Give back every entry exactly as it is written, but not the pictures.
----
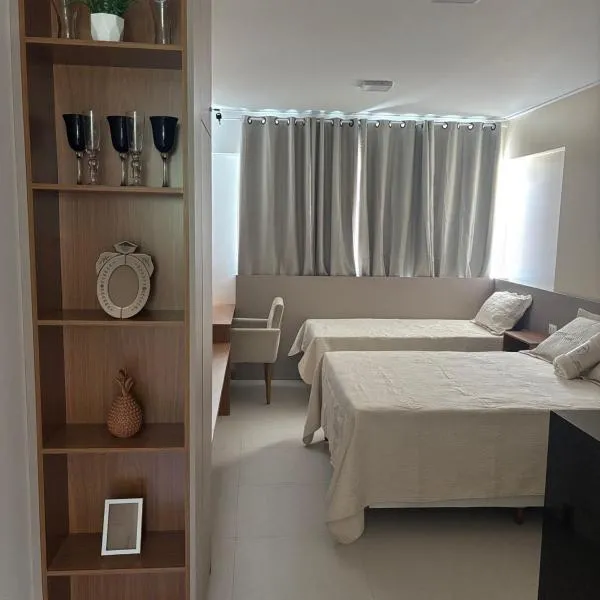 Flat novo Piscina 100m da Praia Boa Viagem、レシフェのホテル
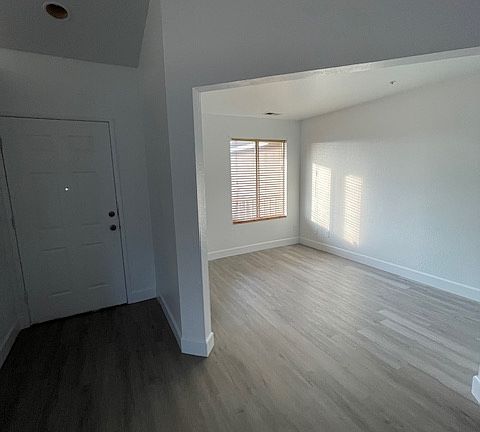 Entry way and office space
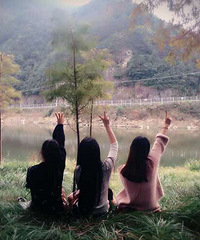 吃饭旅行走走停停  愉快的周末行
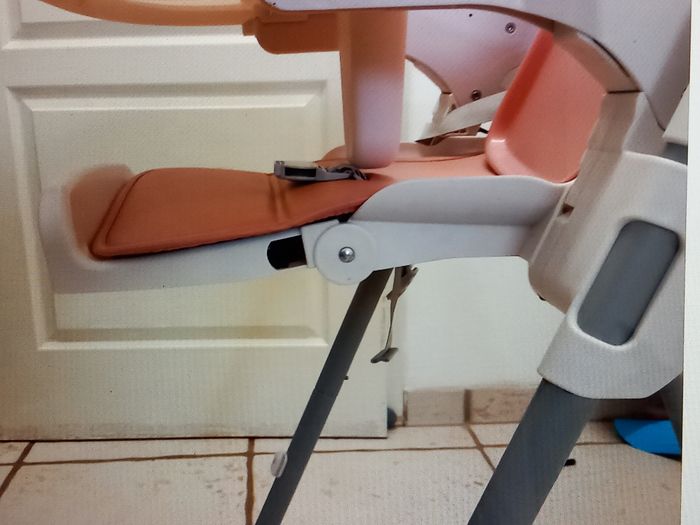 Chaise haute bébé - photo numéro 4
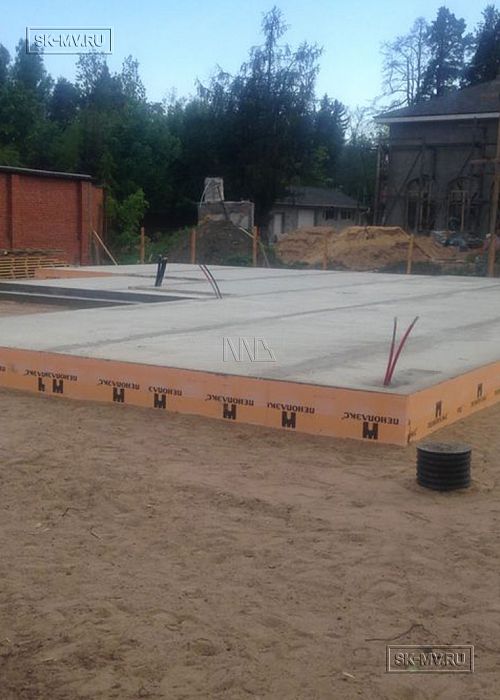 Монтаж фундамента УШП для строительства загородного дома в стиле Хай Тек в Зеленогорске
----
> _Response to this task_
 Flat novo Piscina 100m da Praia Boa Viagem、レシフェのホテル
 Entry way and office space
 吃饭旅行走走停停  愉快的周末行
 Chaise haute bébé - photo numéro 4
 Монтаж фундамента УШП для строительства загородного дома в стиле Хай Тек в Зеленогорске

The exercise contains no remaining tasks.